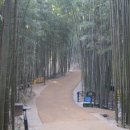 통영사랑약국 | 부모님과 가기 좋은 힐링여행지 (국내여행, 힐링코스, 겨울여행)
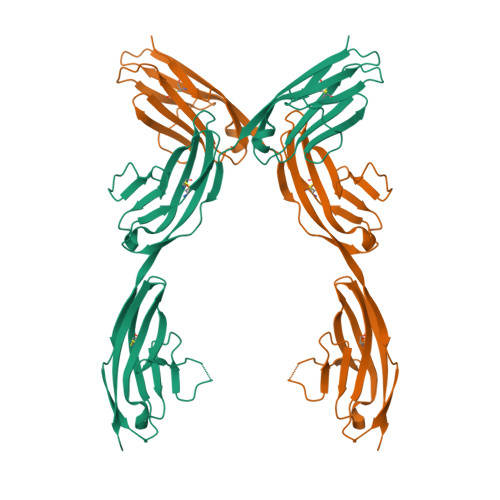 Rcsb Pdb 1qz1 Crystal Structure Of The Ig 1 2 3 Fragment Of Ncam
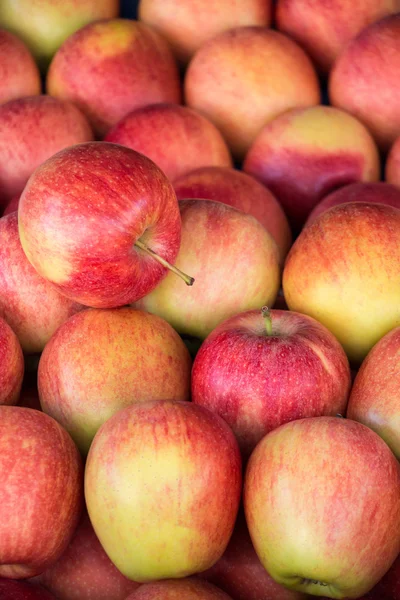 Colorful background of gala apples.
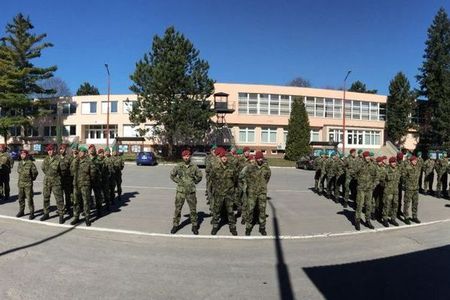 Cvičení Training Bridge 2017 bylo ukončeno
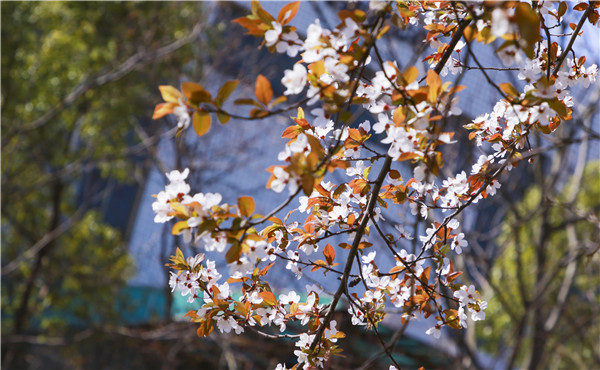 春暖花開，等你歸來——邀你云賞南新春景，以慰思念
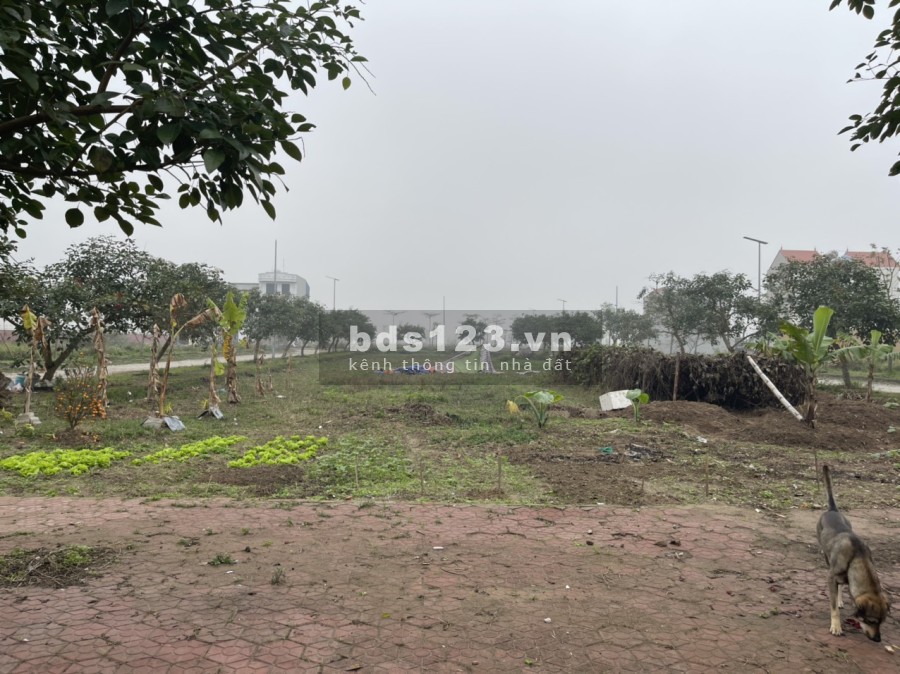 Thanh toán hơn 1,3 tỉ sở hữu đất đẹp, xây nhà luôn khu đô thị New City Phố Nối, lh 0799863888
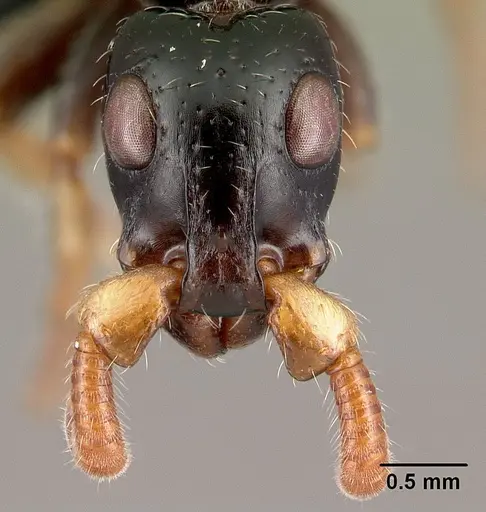 Simopone latiscapa specimen CASENT0004517 image casent0004517_2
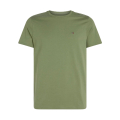 MR6-ARUBA GREEN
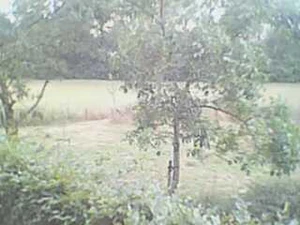 320x240 voorkant cam 03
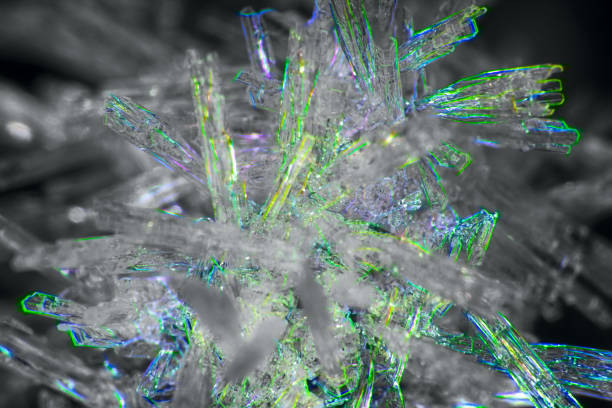 istock Hoarfrost on the branches. Ice crystals macro 1438627215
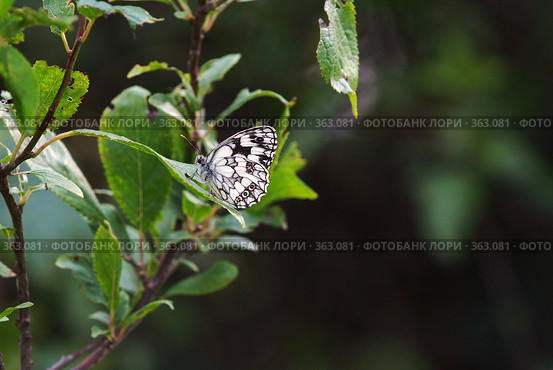 Пестроглазка Галатея (Melanargia galathea) Стоковое фото, фотограф Sergey Toronto / Фотобанк Лори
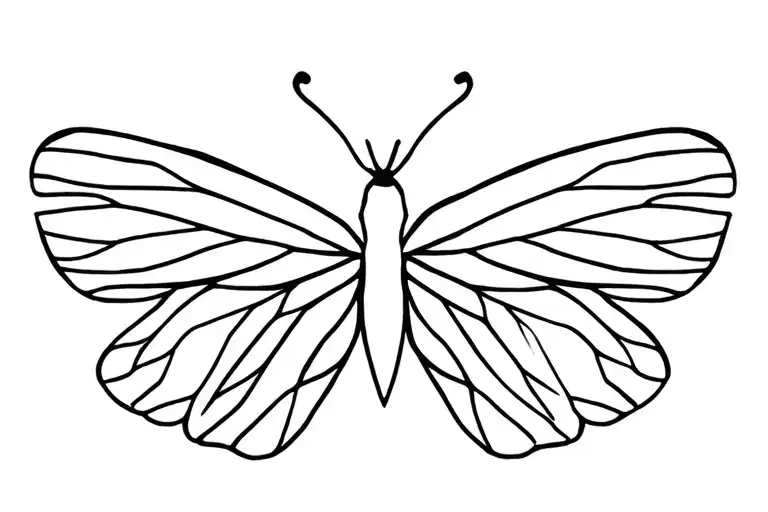 Butterfly With Wings Widespread Open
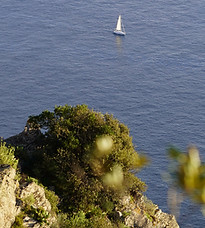 bateau-sur-eau-large-cap-sicié.jpg.jpg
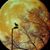 Thomas Israelian's profile image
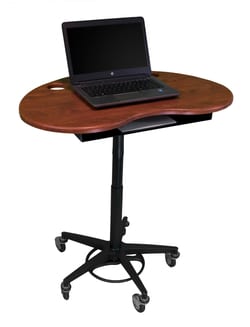 Omnimed Inc&nbsp;Artisan Style Mobile Kidney Laptop & Tablet Stand & Accessories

☆ ☆ ☆

Task statement -> Above this task is a listing with pictures in it. Retype only the lines from the one containing "Thanh toán hơn" through the one containing "320x240 voorkant cam 03", both included, and not the pictures.

Task response ->
 Thanh toán hơn 1,3 tỉ sở hữu đất đẹp, xây nhà luôn khu đô thị New City Phố Nối, lh 0799863888
 Simopone latiscapa specimen CASENT0004517 image casent0004517_2
 MR6-ARUBA GREEN
 320x240 voorkant cam 03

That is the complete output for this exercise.